• **Directions for this task**
Could you return the whole listing exactly?

• **Input**
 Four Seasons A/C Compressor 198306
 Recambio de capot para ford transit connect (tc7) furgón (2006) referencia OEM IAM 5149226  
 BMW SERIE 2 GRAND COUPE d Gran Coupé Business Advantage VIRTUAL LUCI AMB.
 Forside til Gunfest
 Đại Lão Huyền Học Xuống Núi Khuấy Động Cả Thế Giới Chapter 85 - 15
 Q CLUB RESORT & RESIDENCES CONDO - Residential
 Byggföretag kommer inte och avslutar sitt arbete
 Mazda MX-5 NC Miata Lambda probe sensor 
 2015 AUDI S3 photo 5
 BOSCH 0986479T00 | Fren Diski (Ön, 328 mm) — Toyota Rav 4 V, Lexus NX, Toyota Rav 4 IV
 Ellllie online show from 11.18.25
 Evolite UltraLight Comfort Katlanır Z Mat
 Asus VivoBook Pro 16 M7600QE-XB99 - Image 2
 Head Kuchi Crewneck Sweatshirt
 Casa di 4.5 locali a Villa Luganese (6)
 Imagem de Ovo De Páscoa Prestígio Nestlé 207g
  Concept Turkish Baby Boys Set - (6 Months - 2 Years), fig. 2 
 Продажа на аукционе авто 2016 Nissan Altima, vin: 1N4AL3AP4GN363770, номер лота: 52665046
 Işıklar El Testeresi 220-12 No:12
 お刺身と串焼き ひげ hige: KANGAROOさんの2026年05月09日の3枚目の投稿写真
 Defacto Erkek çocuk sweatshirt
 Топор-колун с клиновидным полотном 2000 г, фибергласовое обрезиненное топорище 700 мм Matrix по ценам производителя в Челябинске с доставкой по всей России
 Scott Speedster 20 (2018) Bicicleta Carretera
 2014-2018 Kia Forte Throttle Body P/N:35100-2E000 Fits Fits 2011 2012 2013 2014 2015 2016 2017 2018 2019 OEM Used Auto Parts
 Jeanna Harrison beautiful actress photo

• **Answer to this problem**
 Four Seasons A/C Compressor 198306
 Recambio de capot para ford transit connect (tc7) furgón (2006) referencia OEM IAM 5149226  
 BMW SERIE 2 GRAND COUPE d Gran Coupé Business Advantage VIRTUAL LUCI AMB.
 Forside til Gunfest
 Đại Lão Huyền Học Xuống Núi Khuấy Động Cả Thế Giới Chapter 85 - 15
 Q CLUB RESORT & RESIDENCES CONDO - Residential
 Byggföretag kommer inte och avslutar sitt arbete
 Mazda MX-5 NC Miata Lambda probe sensor 
 2015 AUDI S3 photo 5
 BOSCH 0986479T00 | Fren Diski (Ön, 328 mm) — Toyota Rav 4 V, Lexus NX, Toyota Rav 4 IV
 Ellllie online show from 11.18.25
 Evolite UltraLight Comfort Katlanır Z Mat
 Asus VivoBook Pro 16 M7600QE-XB99 - Image 2
 Head Kuchi Crewneck Sweatshirt
 Casa di 4.5 locali a Villa Luganese (6)
 Imagem de Ovo De Páscoa Prestígio Nestlé 207g
  Concept Turkish Baby Boys Set - (6 Months - 2 Years), fig. 2 
 Продажа на аукционе авто 2016 Nissan Altima, vin: 1N4AL3AP4GN363770, номер лота: 52665046
 Işıklar El Testeresi 220-12 No:12
 お刺身と串焼き ひげ hige: KANGAROOさんの2026年05月09日の3枚目の投稿写真
 Defacto Erkek çocuk sweatshirt
 Топор-колун с клиновидным полотном 2000 г, фибергласовое обрезиненное топорище 700 мм Matrix по ценам производителя в Челябинске с доставкой по всей России
 Scott Speedster 20 (2018) Bicicleta Carretera
 2014-2018 Kia Forte Throttle Body P/N:35100-2E000 Fits Fits 2011 2012 2013 2014 2015 2016 2017 2018 2019 OEM Used Auto Parts
 Jeanna Harrison beautiful actress photo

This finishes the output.